Fußball: 3. Liga
Preußen-Talent Scherder und der lange Weg zurück

Münster -

Er hat einen langen Weg hinter sich und einen ebenso langen vor sich: Nach seinem Kreuzbandriss hat Preußen Münsters Deckungsspieler Simon Scherder den Rasen aber längst wieder betreten. Mit jedem Tag kommt er seinem Ziel näher.

Dienstag, 17.11.2015, 01:50 Uhr aktualisiert: 17.11.2015, 07:35 Uhr
Keine Kompromisse: Simon Scherder (vorn) vor seinem Kreuzbandriss bei der Mission Zweikampf mit dem Mainzer Daniel Bohl.
Keine Kompromisse: Simon Scherder (vorn) vor seinem Kreuzbandriss bei der Mission Zweikampf mit dem Mainzer Daniel Bohl. Foto: Jürgen Peperhowe

Eigentlich war Simon Scherder auf dem Weg in die Startelf des SC Preußen Münster. Er, der seit 2006 bei den Adlerträgern kickt, alle Juniorenteams durchlief und nun mit 22 Jahren vor dem Durchbruch in der 3. Liga stand. Doch beim Testspiel in Kinderhaus Ende Juni zog sich der Abwehrspieler einen Kreuzbandriss zu. Eine Katastrophe für einen Fußballer.

„Erstmals seitdem ich vier Jahre alt war, habe ich solange kein Fußball spielen können“, blickte Scherder auf seine Verletzungszeit im Sommer zurück. Erst vor kurzem gab es ein für ihn wichtiges Signal: „Das war ein gutes Gefühl, endlich wieder Fußballschuhe anziehen zu dürfen und den Rasen zu spüren.“ Das hatte ihm gefehlt.

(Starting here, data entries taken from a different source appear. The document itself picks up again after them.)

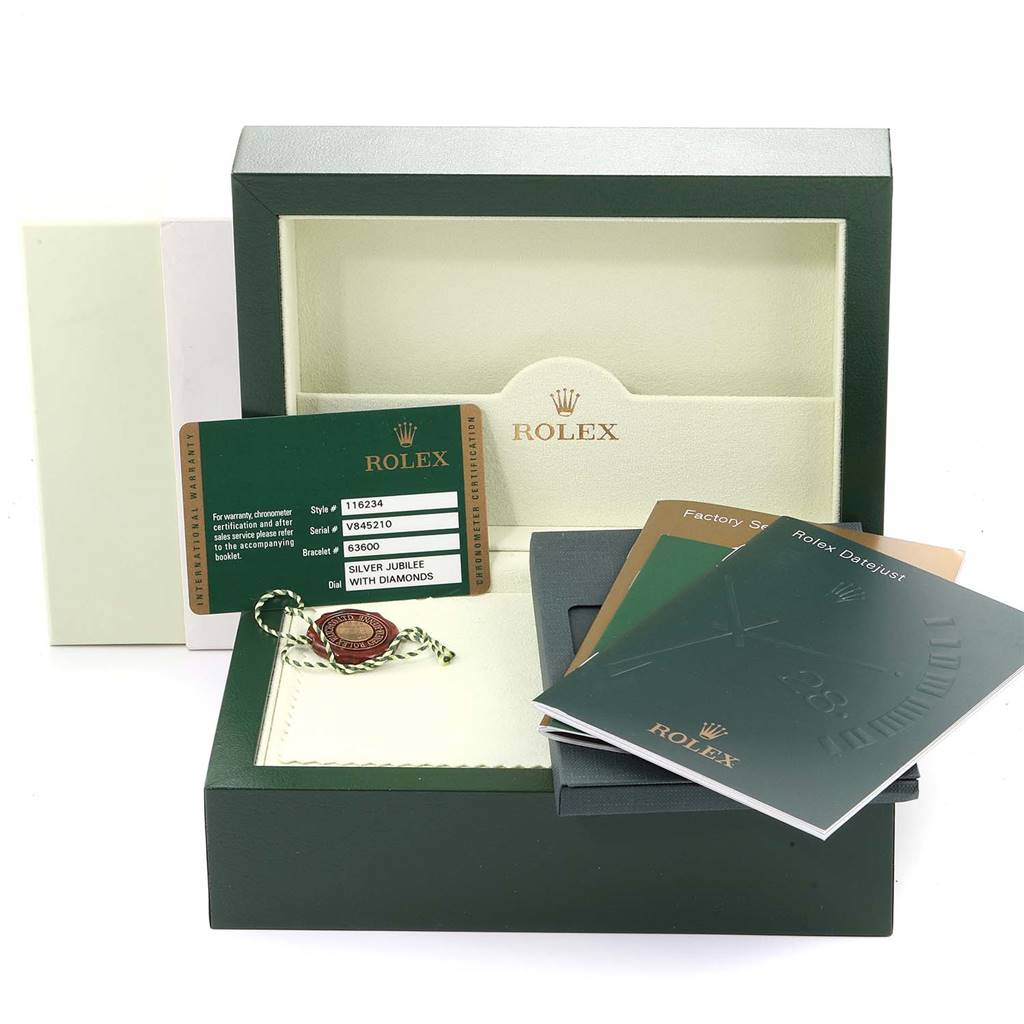 The image shows the original packaging, booklets, warranty card, and tags for a Rolex Datejust 116234 Men's Stainless Steel Silver Dial 116234 Men's Stainless Steel Silver Dial watch, taken from the front angle.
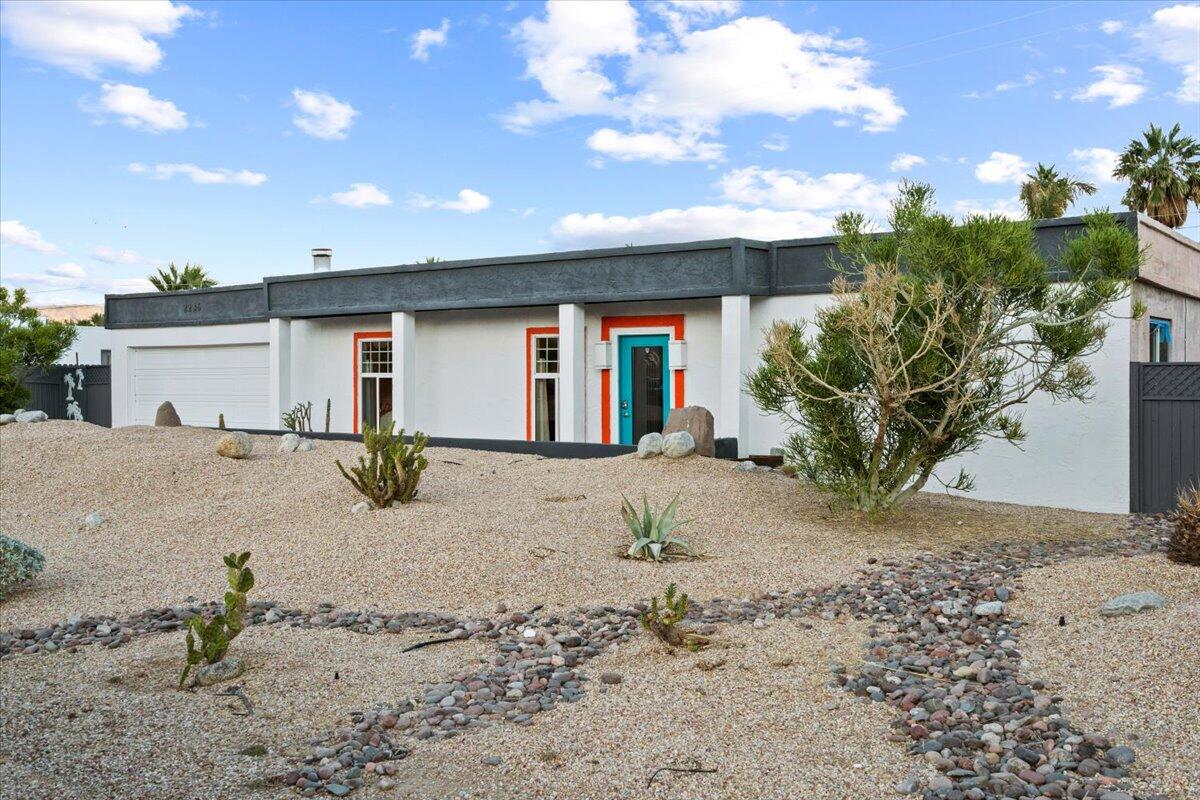 2236 North Victoria Road Palm Springs, CA 92262 - Photo 27 of 40 a front view of a house with a yard and a garage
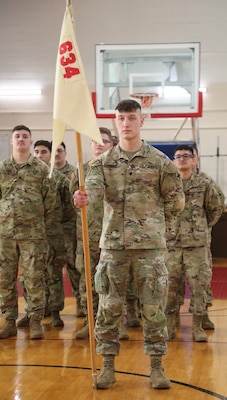 Spc. Patrick Lopez holds the unit guidon during the mobilization ceremony for the Illinois Army National Guard's 634th Brigade Support Battalion Forward Logistics Element, Jan. 20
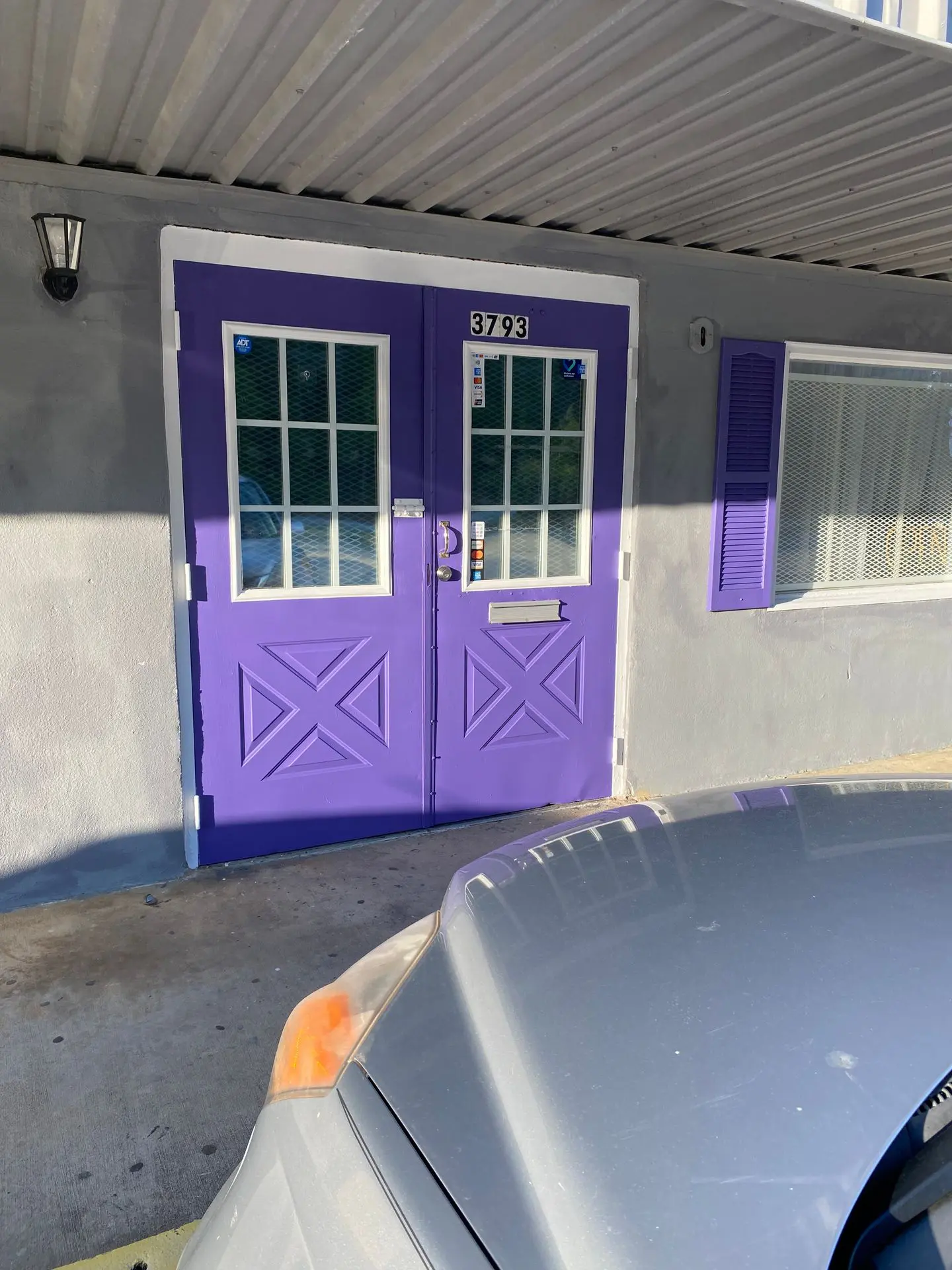 A purple door and window in front of a building.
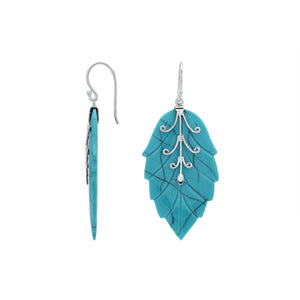 Sterling silver turquoise shell carved leaf drop earrings with polished silver detailing and handcrafted stone design.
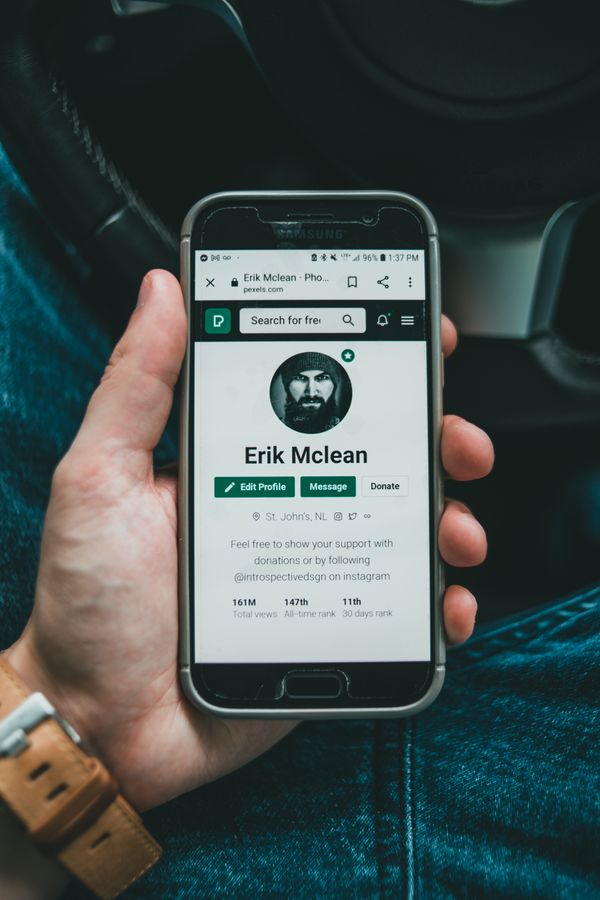 Hånd der holder en brugt smartphone med en app åben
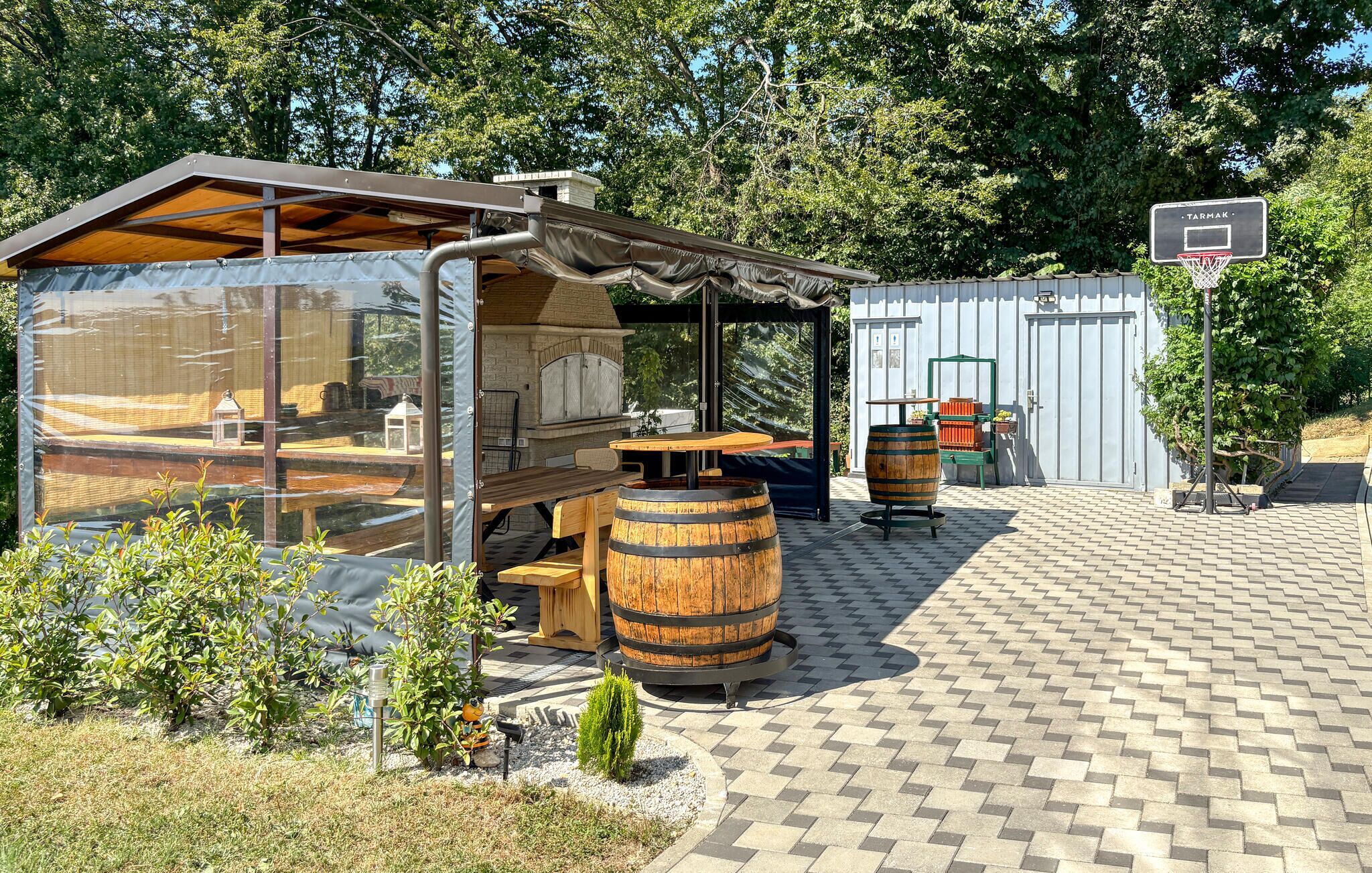 A covered outdoor seating area with a table and chairs, a wooden barrel, and a basketball hoop.
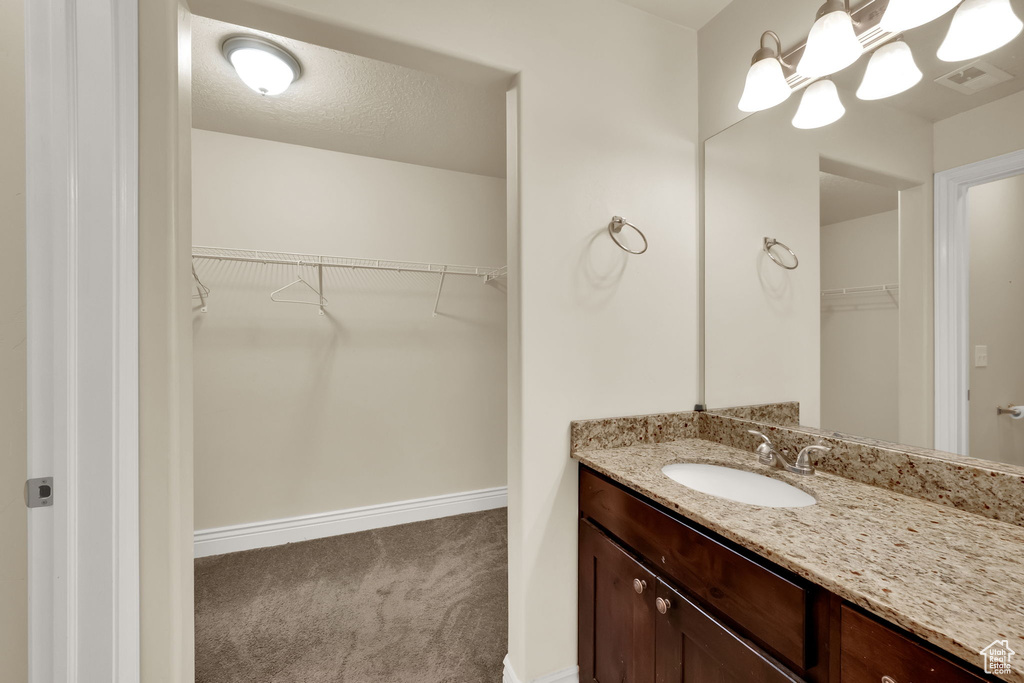 Bathroom featuring vanity and a walk in closet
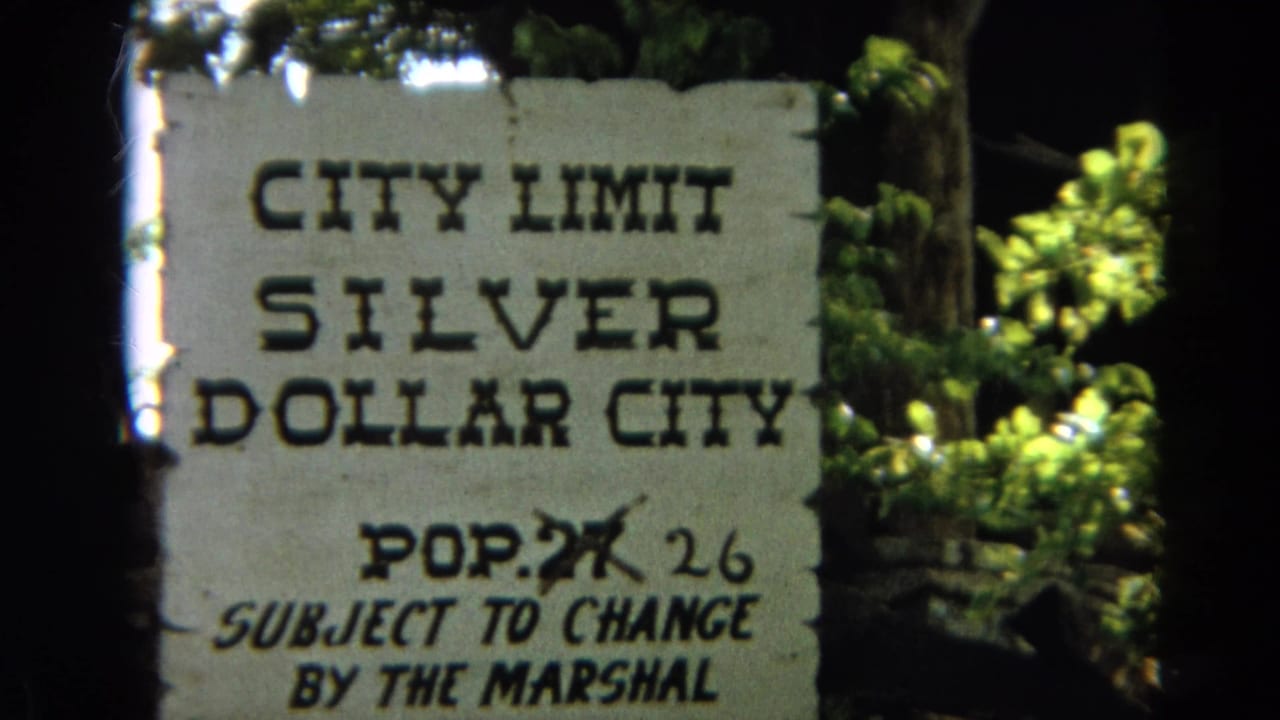 Weathered Silver Dollar City city limit sign with population note and foliage behind it.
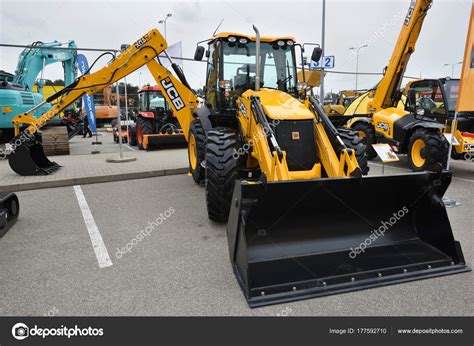 JCB Heavy Duty Equipment Vehicle And Logo Stock Editorial Photo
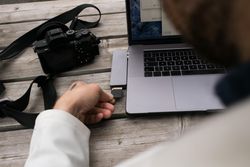 Tattooed hands inserting memory card into laptop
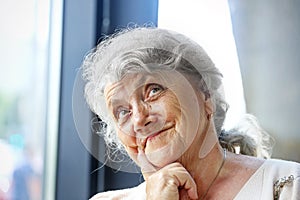 Thoughtful and looking grandmother face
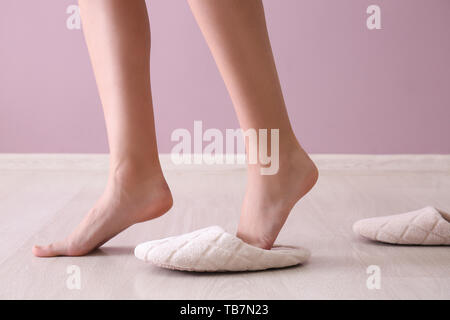 Young woman walking on tiptoe without slippers at home Stock Photo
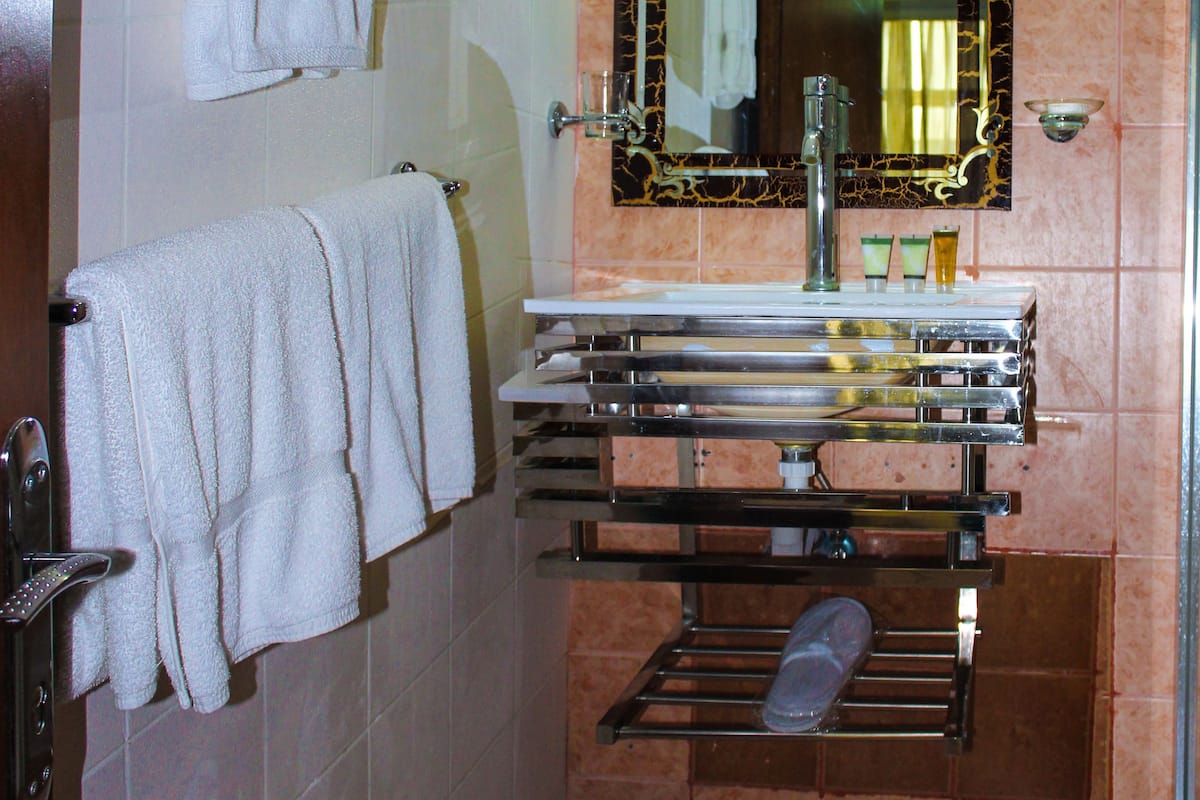 Une salle de bain avec un porte-serviettes blanc, un miroir avec un cadre doré et un lavabo avec un robinet chromé.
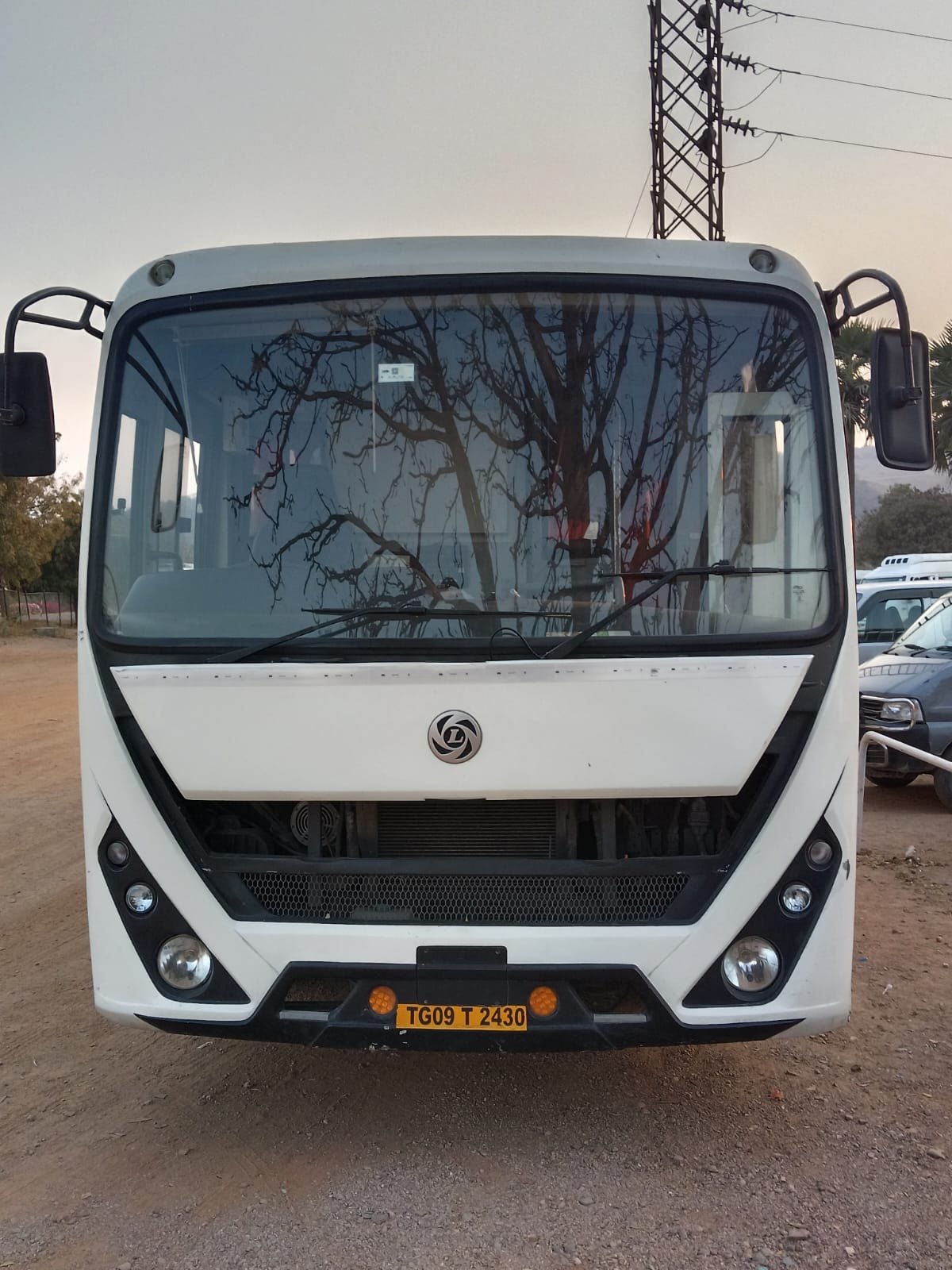 White JP Travels mini coach parked, front view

Dabei schien im Sommer alles gerichtet. Der SCP mistete sein Aufgebot aus, Platzhirsch Dominik Schmidt verabschiedete sich zu Holstein Kiel, auch beim letzten „Meisterspieler von 2011“, Patrick Kirsch, lief der Vertrag aus. Scherders Lehrzeit als dritte oder vierte Option hätte Geschichte sein sollen, zumal mit Marco Pischorn ein weiterer Verteidiger auf der Streichliste stand.

Hinten anstellen

Die Testbegegnung in Kinderhaus änderte alles, Scherder war raus, und das für Monate. Pischorn sprang in die Bresche. Und der junge Mann, der einst von Brukteria Dreierwalde zum SCP kam, weiß um die neue Situation: „Klar muss ich mich hinten anstellen.“ Aktuell arbeitet er mit den Physiotherapeuten Dennis Morschel und Matthias Haase seine Defizite auf, vorsichtig kommt der Ball ins Spiel, Scherder befindet sich auf einem guten Weg. Und er zollt seinem „Vertreter“ Pischorn Respekt: „Wir wussten ja, dass Marco das spielen kann. Und bei ihm sieht man auch, was mit Selbstvertrauen geht.“

3. Januar 2016 im Blick

Scherder verletzt, doch die Ausfallphase brachte der 22-Jährige schnell hinter sich. Die Zeit sei so schnell vergangen, sagt er, mittlerweile sieht man den Innenverteidiger regelmäßig wieder am Trainingsgelände. Dehnung und Streckung funktionieren wieder richtig gut, Schmerzen gibt es fast keine mehr. Dennoch ist das Mannschaftstraining, das Kernstück der täglichen Arbeit, noch ein Stück entfernt. Vielleicht klappt es bis zum 3. Januar 2016, dem Auftakt nach der Winterpause. „Vermutlich werde ich nicht wissen, wo links und rechts ist nach dieser ersten Einheit“, erwartet der Abwehrspieler noch viel Mühe und Arbeit. Dann dreht er sich um, diese letzte Laufeinheit ist vorbei, geht die Treppen zu den Umkleiden in den Katakomben des Preußenstadions hinunter und atmete plötzlich scharf durch: „Ist ja doch anstrengender als gedacht.“

Auf seinem langen, schmerzhaften Weg zurück ist Simon Scherder noch nicht auf der Ziellinie.